Heureusement, pour mon réconfort, il y a les commentaires laissés sur internet par les clients qui ont achetés mes “œuvres”. Je les lis, le soir, une fois mes monstroplantes en short assom-couchées, couchées bien sûr.

Comme celui-ci, que j’ai découvert par hasard – et après avoir passé une seconde fois la serpillière (sol, meubles, et murs), changé Luce, soigné Lirio, signé le recommandé (effectivement, les impôts…), achevé l’entrevue téléphonique avec la journaliste qui ne savait plus s’il fallait rire, pleurer, ou raccrocher.

 

Capture d’écran 2015-05-28 à 17.05.08

Vraiment, ma vie est exceptionnelle.

Mais tu sais quoi, Hannibal Lecteur ? Si j’ironise aussi sereinement sur les petits tracas de mon insignifiante existence, c’est que je peux me le permettre. Cela m’est facile de tourner en dérision mes embûches quotidiennes, car dérisoires, elles le sont. Ce n’est pas le cas pour nos amis népalais – et je ne donne pas là dans la figure de style affectée. Delfe et moi, nous avons des amis au Népal. De vrais amis, des gens de cœur qui nous ont adoptés, accueillis, aimés. Par chance, ils ont survécu aux terribles séismes qui ont cassé leur beau pays. Mais c’est un combat quotidien pour s’en sortir – lire : survivre – dans ce pays très peu développé où règne désormais une pagaille mortifère. Si cela vous touche, sachez que :

  •  l’organisme de notre copain Anish Neupane, “VolNepal“, pilote plusieurs projets de reconstruction en réponse directe aux séismes, ainsi que nombre d’autres dont l’importance est cruciale au Népal (éducation, santé, droits des enfants et des femmes…) ; comme nous, vous pouvez leur faire un don, ça ne sera pas de trop ;
  • dans le cadre des séismes qui ont si durement frappé le pays, justement, les transferts d’argent vers le Népal sont gratuits avec Western Union ;
  • j’ai enfin découvert un organisme par le biais duquel il est possible de prendre en charge les frais scolaires de jeunes népalais : le PDRC (Professional Development and Research Center) ; accessoirement, il vous en coûtera moins de 300 € pour assurer un an de scolarité à un jeune népalais.

Bon, sur ce, je vais travailler un peu. En effet, je serai à Quetigny, près de Dijon, le mardi 2 juin pour une projection d’Autarcies.

 

Quetigny-affiche_Autarcies

 

Et puis il faut que je termine la boutique Planète.D et que je finalise le DVD de mon nouveau film “Pneus Hiver Obligatoires“. Ça ne s’arrête jamais… Enfin ! Cela m’a fait du bien de faire une pause, le temps de te raconter ma vie, de rire un peu, cher lecteur.
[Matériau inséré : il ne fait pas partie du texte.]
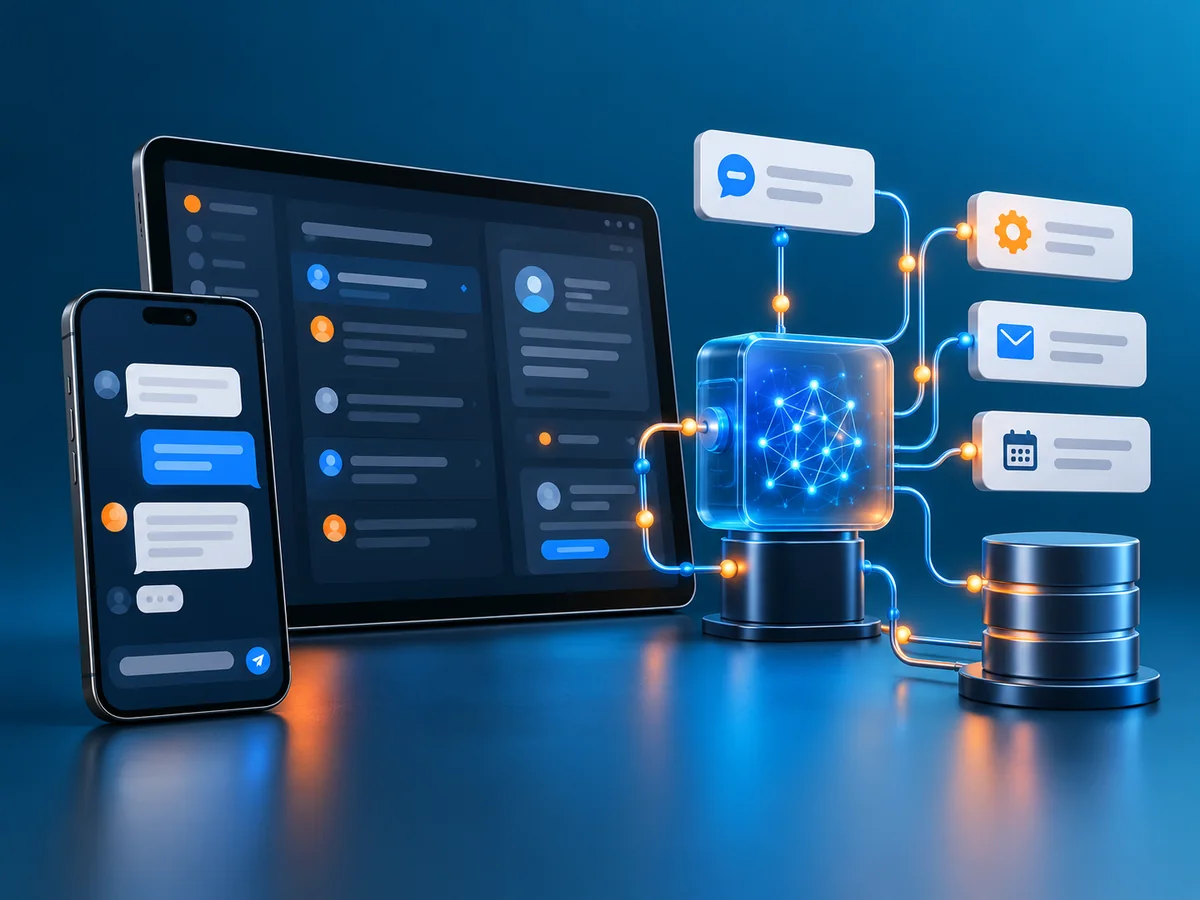 Customer chat interfaces connected to a workflow automation flow, illustrative concept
Et puis, ce n’est pas tous les jours aussi compliqué. Maintenant, par exemple, tout se passe bien. Alors que je termine cette petite DNews, Lirio chantonne en se balançant dans un hamac sur la terrasse. Elle mange une glace maison poire-chocolat, mais je pense que c’est bon, elle a 5 ans et demi désormais. Luce joue sagement sur le canapé avec un puzzle. Je la surveille du coin de l’oeil, on ne sait jamais ce q-mais c’est pas un puzzle, c’est mon recommandé !
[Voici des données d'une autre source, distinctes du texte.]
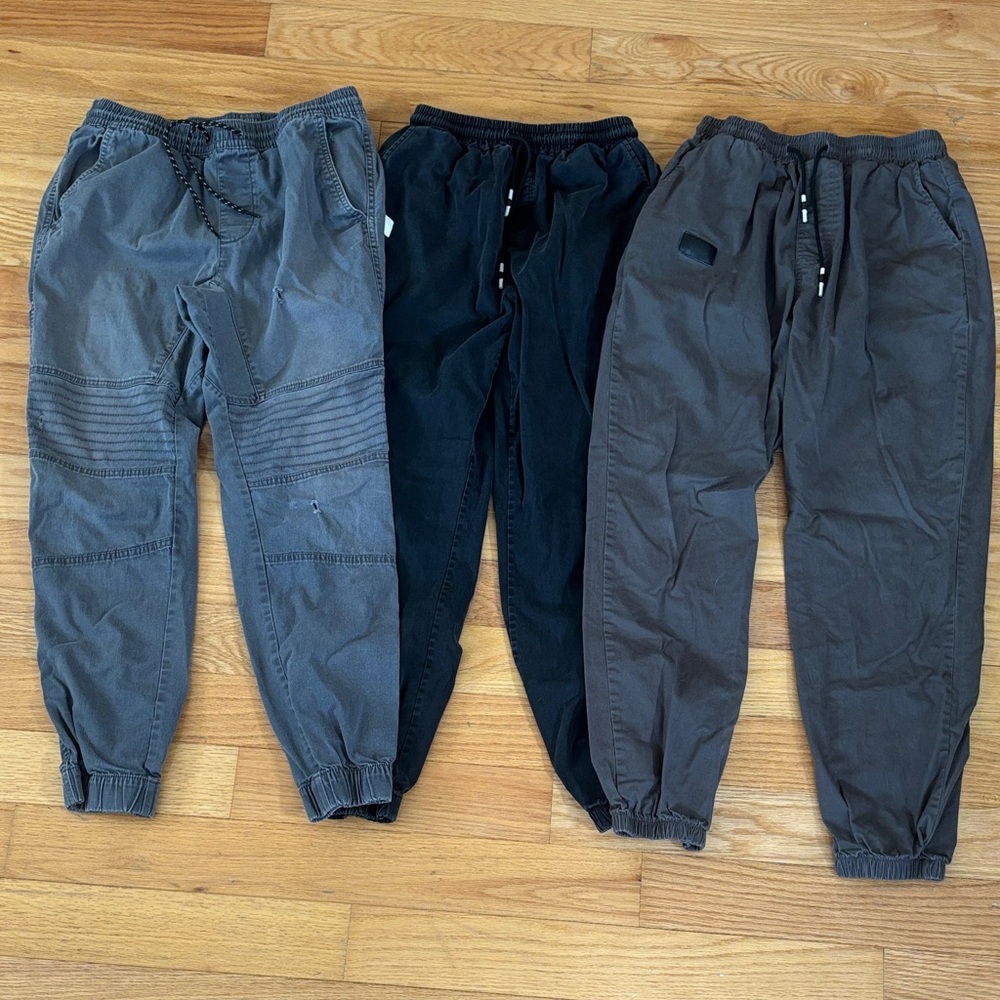 George Men's Joggers Trio - Charcoal, Black, Grey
“Papaaaa ? sans faire exprès là sans faire exprès j’ai euh en fait euh sans faire exprès j’ai fait une bêtise parfum poire-chocolat sur le hamac là…”

LIIIIRIIIOOOOO !

“Moi fait pipi là sur le papier de toi. C’est vrai !”

LUUUUUUUCEEEEEEEEE !

 

Initialement publié le / Originally posted on 28 mai 2015 @ 7:02 pm

4 commentaires sur “DNews : la journée idéale n’est pas un mercredi”

  1. Je ne devrais pas dire ça mais merci pour cet article ce moment de partage qui me rappelle tant mon quotidien avec les filles parfois….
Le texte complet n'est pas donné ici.